Top of Provided material

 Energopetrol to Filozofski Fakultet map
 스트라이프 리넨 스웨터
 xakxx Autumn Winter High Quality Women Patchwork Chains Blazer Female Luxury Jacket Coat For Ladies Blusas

Bottom of Provided material

_Instructions for the task:_ Return the complete material exactly as it reads.

_Task output:_
 Energopetrol to Filozofski Fakultet map
 스트라이프 리넨 스웨터
 xakxx Autumn Winter High Quality Women Patchwork Chains Blazer Female Luxury Jacket Coat For Ladies Blusas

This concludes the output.